You must be very careful and check who owns the house by examining the last recorded deed in the County Clerk's Office because it may actually be jointly owned with you--you do not know that it is not unless you read the very last deed and find who is named on it. If it is jontly owned with you , you may have rights superior to those of any creditors and may not have to pay your husband's creditors if you did not personally sign.
These are complicated areas and you should definitely consult with a local attorney who may be able to assist you. My answer is only intended to serve a general statement of the law on these very complex issues and are not intended to constitute individual legal advice to you . Speak to an attorney if at all possible.


----------



## Marie5656 (Jul 9, 2019)

*In NY state, they cannot collect from Life Insurance, or any money market type account that has a designated beneficiary (in thses cases, me).  Once the money is in the hands of the beneficiary, it is no longer an asset of the estate, and in fact never has been, according to a lawyer I spoke with.  
Also, when I went to the county to file for surrogacy to manage Ricks estate, I was given a list of which debts get paid, in which order. In this case 1 Administrative fees 2. Funeral expenses paid either directly to the funeral home, or to reimburse whomever paid.  3.Any medical bills.  I asked the bank about the medical bils, she said, if there is money, the pay, if not.."Oh well".   I will get reimbursed for the funeral expenses. I will not get all money back, but reimbursing me will pretty much eat up all of what is in his estate.

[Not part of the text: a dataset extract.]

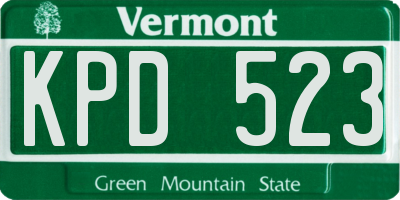 VT license plate KPD523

I was told that medical bills will get written off bo hospital or facility*


----------



## Butterfly (Jul 9, 2019)

StarSong said:


> The remarks in this thread surprise me.  I thought that spouses or estates were responsible for bills incurred by the (now) deceased.  Obviously if there's no money, there's nothing for them to go after.  However, if there's insurance, a home, money in the bank, or other assets, I presumed they were attachable for medical and other bills.
> 
> Am I incorrect?



Whether or not this is true always depends of the laws of the particular state and those state laws vary widely.  What is true for one state may or may not be true for another.


----------



## Camper6 (Jul 9, 2019)

It's not always the debt owner who is calling. In some cases the debt has been sold to a collection agency. The original has already written it off. Collection agencies will try anything to collect.


----------



## Marie5656 (Jul 9, 2019)

Bottom line is still that the person I spoke with said they would cancel the debt as soon as I showed proof of death and of no assets.


----------



## win231 (Jul 10, 2019)

I'm often amazed at how easily some people are intimidated.  If I don't owe a debt, I never pay it.  I'm not required to prove I don't owe the debt; THEY are required to prove I do owe it.

My dad was getting small $16.00 retirement checks from a few years he worked at Boeing.  After he died, I phoned Boeing & notified them.  I kept getting checks.  I called them several more times & they sent me a letter acknowledging my calls & they sent me another letter after I mailed a stack of checks back to them.  A few months later, I got another call from some dolt at Boeing, accusing me of cashing the checks & threatening legal action if I didn't repay them.  (Yeah...cashing checks that have a different name on them).  Some of the things I said to her can't be repeated here, but one of the questions I asked her was, "Ma'am, did your parents have any kids that lived?"

The threats debt collectors make are nothing more than hot wind; they're saying whatever they can to get commissions; they couldn't care less whether you owe the debt or not.


----------



## StarSong (Jul 10, 2019)

*Mathjak, Butterfly & Marie*, thank you for the information.  Very illuminating.  California is indeed a community property state, and it's been my home since my earliest adulthood.  I didn't realize that these were state rather than federal laws.  

You're right on about the wisdom of consulting a local attorney when confronted with matters like these.  When navigating treacherous waters and unseen reefs it's best to have an expert guide you, lest you wind up beached on the rocks.    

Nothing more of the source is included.